The KZNCU’s Inland jurisdiction covers by far the largest landmass in KZN, stretching from Zululand in the north to East Griqualand in the south, and the provincial boundaries of Mpumalanga, Free State, Lesotho and the Eastern Cape in the west, and in the east, a line following the eastern boundaries of the Sisonke, uMgungundlovu, Umzinyathi and Zululand district municipalities.
For ease of administration, the KZNCU Inland jurisdiction closely follows the district municipality demarcations of Zululand, Umzinyathi, Amajuba, uThukhela, Sisonke and uMgundundlovu.
Each of the six districts is represented by sub-unions that are affiliated to the KZNCU Inland. The set-up is dominated by the Maritzburg Cricket Association and Midlands Cricket Union (uMgungundlovu), while the East Griqualand Cricket Union and the Southern District Cricket Union comprise Sisonke, Northern District Cricket Union (Amajuba), Umzinyathi Cricket Association (Umzinyathi), Northern Natal Cricket Board (uThukela) and the Northern District Cricket Union in Zululand make up the other sub-unions.

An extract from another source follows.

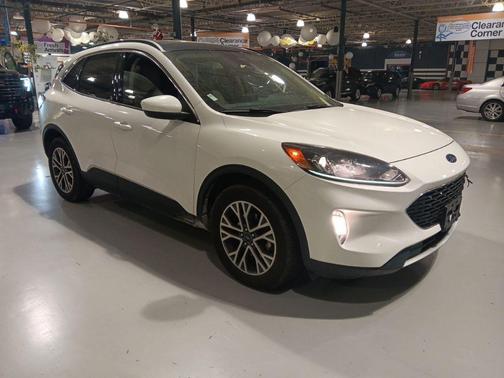 Star White Metallic Tri-Coat 2020 Ford Escape SEL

HOME OF CRICKET IN THE INTERIOR
The epicentre of cricket in the KwaZulu-Natal interior is Pietermaritzburg that boasts a proud tradition dating back more than 100 years. Among its long-standing clubs are Zingari (128 years), Maritzburg Cricket Club and Standard Cricket Club (both 124 years), and Young Natalians Cricket Club (80 years).
The city has provided a number of South Africa’s greatest cricketers from both sides of the previous racial divide – Jackie McGlew, Roy McLean, Cuan McCarthy, Chris Burger, Jonty Rhodes, Ahmed Deedat, Gopaul Manicum and Michael Patricks.
The city boasts a proud heritage in the struggle for non-racial cricket, exemplified by the Aurora Cricket Club, and a township coaching programme dating back to the 1970s. The city also played a formative part in the anti-Gatting Tour demonstration that was the impetus for the unification of South African cricket.
The Pietermaritzburg Oval hosted numerous international matches, including a rugby match that featured the New Zealand All Blacks against Natal in 1828. According to historic records, the first cricket match was played at The Oval in the summer of 1903.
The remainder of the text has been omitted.